### WORK REQUIRED
Restate word for word the line with "Italian Baroque Walnut" and all lines after it; please stop only at the end of the listing below.

-=-=-=-=-

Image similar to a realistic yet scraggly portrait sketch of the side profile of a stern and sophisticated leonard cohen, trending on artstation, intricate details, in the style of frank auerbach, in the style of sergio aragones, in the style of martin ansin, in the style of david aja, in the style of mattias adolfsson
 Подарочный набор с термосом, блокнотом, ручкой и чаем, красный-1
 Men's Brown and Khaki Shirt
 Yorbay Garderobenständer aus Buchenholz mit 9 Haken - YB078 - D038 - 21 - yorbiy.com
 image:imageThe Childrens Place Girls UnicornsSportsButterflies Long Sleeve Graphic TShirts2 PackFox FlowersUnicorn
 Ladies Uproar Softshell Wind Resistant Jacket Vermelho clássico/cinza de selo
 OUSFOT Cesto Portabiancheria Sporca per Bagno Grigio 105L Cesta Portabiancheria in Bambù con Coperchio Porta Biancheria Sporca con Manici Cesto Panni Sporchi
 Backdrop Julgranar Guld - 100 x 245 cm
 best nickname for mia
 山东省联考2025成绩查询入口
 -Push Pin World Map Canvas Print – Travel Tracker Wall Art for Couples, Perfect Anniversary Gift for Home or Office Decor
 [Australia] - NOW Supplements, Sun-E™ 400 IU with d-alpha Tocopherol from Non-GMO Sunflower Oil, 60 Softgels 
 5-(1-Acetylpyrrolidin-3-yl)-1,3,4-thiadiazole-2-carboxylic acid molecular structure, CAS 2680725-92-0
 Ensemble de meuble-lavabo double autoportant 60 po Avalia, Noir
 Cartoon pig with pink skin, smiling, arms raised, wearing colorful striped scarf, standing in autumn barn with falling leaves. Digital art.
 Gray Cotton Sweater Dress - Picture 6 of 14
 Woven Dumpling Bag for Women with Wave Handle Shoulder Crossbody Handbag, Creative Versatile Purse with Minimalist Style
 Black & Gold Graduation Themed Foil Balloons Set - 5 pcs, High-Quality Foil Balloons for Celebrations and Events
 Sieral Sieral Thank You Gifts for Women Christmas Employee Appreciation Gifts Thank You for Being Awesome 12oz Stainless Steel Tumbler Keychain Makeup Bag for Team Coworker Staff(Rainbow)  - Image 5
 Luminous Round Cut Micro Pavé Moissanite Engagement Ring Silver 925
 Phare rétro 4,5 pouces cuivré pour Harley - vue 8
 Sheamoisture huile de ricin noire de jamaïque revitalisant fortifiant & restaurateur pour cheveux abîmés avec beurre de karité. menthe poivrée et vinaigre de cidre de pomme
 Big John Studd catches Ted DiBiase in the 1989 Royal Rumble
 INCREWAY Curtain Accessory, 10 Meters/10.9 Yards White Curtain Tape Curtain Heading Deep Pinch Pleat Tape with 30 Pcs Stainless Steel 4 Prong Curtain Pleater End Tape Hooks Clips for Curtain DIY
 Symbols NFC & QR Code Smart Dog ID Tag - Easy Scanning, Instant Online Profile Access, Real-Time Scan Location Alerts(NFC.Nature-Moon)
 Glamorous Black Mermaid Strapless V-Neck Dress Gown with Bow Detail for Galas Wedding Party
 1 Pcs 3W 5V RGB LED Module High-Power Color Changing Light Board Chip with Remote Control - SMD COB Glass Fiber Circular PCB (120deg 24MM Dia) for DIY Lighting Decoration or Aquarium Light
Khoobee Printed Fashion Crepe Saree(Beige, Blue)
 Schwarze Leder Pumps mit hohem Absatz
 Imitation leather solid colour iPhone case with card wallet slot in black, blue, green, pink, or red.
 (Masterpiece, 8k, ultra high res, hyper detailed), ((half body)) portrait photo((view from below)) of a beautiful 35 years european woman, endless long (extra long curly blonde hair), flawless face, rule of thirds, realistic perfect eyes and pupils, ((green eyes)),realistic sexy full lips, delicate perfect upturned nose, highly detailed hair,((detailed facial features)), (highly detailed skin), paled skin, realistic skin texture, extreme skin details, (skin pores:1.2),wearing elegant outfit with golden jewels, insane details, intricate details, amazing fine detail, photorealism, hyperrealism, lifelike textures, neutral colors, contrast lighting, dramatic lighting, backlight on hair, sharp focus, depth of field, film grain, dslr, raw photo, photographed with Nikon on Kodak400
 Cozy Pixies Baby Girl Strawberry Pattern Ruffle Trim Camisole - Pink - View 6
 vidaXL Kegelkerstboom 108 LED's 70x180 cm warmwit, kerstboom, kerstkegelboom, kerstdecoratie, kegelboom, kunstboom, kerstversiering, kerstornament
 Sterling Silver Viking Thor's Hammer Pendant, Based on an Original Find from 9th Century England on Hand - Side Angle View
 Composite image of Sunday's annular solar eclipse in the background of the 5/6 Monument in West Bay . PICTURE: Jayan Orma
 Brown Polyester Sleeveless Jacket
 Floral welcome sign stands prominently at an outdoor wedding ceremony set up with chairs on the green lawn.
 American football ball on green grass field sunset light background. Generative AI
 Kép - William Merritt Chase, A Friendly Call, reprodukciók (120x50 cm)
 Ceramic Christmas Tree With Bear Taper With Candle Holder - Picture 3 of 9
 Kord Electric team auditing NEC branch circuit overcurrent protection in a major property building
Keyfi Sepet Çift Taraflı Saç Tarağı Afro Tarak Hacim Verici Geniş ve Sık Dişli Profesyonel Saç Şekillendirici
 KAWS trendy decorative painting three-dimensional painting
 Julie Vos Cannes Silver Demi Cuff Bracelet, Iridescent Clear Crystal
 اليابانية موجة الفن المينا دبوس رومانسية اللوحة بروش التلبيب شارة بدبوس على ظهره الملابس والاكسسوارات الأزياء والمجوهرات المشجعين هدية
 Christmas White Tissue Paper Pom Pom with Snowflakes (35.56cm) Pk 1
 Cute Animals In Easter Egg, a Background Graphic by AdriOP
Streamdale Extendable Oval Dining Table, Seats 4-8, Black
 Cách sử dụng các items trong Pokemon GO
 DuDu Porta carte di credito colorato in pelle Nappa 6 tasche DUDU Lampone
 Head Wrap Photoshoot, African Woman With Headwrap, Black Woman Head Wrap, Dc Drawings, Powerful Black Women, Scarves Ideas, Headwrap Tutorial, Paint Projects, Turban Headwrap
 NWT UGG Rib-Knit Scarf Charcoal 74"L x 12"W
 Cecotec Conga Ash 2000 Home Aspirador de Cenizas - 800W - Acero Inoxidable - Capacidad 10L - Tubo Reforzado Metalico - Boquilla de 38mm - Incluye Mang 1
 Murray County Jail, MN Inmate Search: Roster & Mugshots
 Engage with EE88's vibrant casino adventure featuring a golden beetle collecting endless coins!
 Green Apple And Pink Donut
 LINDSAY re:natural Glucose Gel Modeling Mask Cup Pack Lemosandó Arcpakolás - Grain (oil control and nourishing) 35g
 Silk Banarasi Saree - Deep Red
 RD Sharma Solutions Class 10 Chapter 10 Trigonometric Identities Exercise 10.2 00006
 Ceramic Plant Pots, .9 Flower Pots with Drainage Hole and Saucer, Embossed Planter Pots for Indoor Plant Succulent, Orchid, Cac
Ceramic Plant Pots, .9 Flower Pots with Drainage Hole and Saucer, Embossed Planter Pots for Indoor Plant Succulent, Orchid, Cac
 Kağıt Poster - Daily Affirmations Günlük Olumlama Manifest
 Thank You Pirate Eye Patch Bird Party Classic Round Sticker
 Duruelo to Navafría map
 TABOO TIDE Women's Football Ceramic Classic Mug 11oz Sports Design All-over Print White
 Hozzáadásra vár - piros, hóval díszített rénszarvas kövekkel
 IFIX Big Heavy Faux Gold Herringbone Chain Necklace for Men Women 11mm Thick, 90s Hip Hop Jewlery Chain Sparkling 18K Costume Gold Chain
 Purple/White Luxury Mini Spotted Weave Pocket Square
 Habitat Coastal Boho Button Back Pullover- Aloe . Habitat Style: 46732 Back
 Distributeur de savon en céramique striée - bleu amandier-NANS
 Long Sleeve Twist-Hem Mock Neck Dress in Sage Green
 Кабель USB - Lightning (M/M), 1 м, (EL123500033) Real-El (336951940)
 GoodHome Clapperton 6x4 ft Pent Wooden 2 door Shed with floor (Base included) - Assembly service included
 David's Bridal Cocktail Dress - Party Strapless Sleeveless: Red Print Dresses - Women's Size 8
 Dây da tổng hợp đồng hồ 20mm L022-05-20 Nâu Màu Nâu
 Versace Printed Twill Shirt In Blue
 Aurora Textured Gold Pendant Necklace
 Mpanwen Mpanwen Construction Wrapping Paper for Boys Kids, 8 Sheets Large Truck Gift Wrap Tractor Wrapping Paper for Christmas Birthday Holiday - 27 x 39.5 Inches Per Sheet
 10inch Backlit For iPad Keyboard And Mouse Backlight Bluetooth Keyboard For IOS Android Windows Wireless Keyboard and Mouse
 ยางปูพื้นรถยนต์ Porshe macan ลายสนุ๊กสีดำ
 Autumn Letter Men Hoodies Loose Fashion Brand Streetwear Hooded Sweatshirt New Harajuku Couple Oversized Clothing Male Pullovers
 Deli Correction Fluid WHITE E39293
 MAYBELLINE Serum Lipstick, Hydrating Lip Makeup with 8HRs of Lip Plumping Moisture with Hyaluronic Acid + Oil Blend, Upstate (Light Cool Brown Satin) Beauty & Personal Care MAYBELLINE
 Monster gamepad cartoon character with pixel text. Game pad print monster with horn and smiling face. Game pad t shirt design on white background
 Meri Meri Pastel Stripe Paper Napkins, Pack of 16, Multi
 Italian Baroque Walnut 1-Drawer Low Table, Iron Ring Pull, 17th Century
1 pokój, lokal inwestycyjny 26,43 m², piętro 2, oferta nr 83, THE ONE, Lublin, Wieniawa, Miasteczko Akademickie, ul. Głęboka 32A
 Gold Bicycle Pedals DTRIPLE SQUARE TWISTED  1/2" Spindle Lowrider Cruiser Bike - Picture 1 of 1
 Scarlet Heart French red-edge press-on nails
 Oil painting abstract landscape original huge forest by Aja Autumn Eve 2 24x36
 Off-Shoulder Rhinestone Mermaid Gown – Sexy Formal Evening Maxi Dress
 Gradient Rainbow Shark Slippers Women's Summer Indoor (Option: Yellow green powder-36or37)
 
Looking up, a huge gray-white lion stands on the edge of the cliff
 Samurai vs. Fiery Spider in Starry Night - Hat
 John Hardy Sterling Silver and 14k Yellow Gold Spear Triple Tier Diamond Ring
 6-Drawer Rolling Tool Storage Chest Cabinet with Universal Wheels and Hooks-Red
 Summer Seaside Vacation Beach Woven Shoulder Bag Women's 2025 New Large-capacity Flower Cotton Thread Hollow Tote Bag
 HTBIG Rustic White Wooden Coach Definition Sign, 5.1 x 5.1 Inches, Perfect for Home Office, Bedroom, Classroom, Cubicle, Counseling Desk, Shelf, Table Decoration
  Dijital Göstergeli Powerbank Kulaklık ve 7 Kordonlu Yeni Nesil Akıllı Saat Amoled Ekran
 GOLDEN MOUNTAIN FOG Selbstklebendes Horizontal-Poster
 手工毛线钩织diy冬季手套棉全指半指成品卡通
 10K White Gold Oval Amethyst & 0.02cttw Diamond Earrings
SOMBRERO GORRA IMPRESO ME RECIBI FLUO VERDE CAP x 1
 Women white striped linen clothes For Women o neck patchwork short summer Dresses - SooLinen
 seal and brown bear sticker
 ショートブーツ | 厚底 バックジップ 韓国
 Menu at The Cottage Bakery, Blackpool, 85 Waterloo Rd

-=-=-=-=-

### RESPONSE TO THE TASK
 Italian Baroque Walnut 1-Drawer Low Table, Iron Ring Pull, 17th Century
1 pokój, lokal inwestycyjny 26,43 m², piętro 2, oferta nr 83, THE ONE, Lublin, Wieniawa, Miasteczko Akademickie, ul. Głęboka 32A
 Gold Bicycle Pedals DTRIPLE SQUARE TWISTED  1/2" Spindle Lowrider Cruiser Bike - Picture 1 of 1
 Scarlet Heart French red-edge press-on nails
 Oil painting abstract landscape original huge forest by Aja Autumn Eve 2 24x36
 Off-Shoulder Rhinestone Mermaid Gown – Sexy Formal Evening Maxi Dress
 Gradient Rainbow Shark Slippers Women's Summer Indoor (Option: Yellow green powder-36or37)
 
Looking up, a huge gray-white lion stands on the edge of the cliff
 Samurai vs. Fiery Spider in Starry Night - Hat
 John Hardy Sterling Silver and 14k Yellow Gold Spear Triple Tier Diamond Ring
 6-Drawer Rolling Tool Storage Chest Cabinet with Universal Wheels and Hooks-Red
 Summer Seaside Vacation Beach Woven Shoulder Bag Women's 2025 New Large-capacity Flower Cotton Thread Hollow Tote Bag
 HTBIG Rustic White Wooden Coach Definition Sign, 5.1 x 5.1 Inches, Perfect for Home Office, Bedroom, Classroom, Cubicle, Counseling Desk, Shelf, Table Decoration
  Dijital Göstergeli Powerbank Kulaklık ve 7 Kordonlu Yeni Nesil Akıllı Saat Amoled Ekran
 GOLDEN MOUNTAIN FOG Selbstklebendes Horizontal-Poster
 手工毛线钩织diy冬季手套棉全指半指成品卡通
 10K White Gold Oval Amethyst & 0.02cttw Diamond Earrings
SOMBRERO GORRA IMPRESO ME RECIBI FLUO VERDE CAP x 1
 Women white striped linen clothes For Women o neck patchwork short summer Dresses - SooLinen
 seal and brown bear sticker
 ショートブーツ | 厚底 バックジップ 韓国
 Menu at The Cottage Bakery, Blackpool, 85 Waterloo Rd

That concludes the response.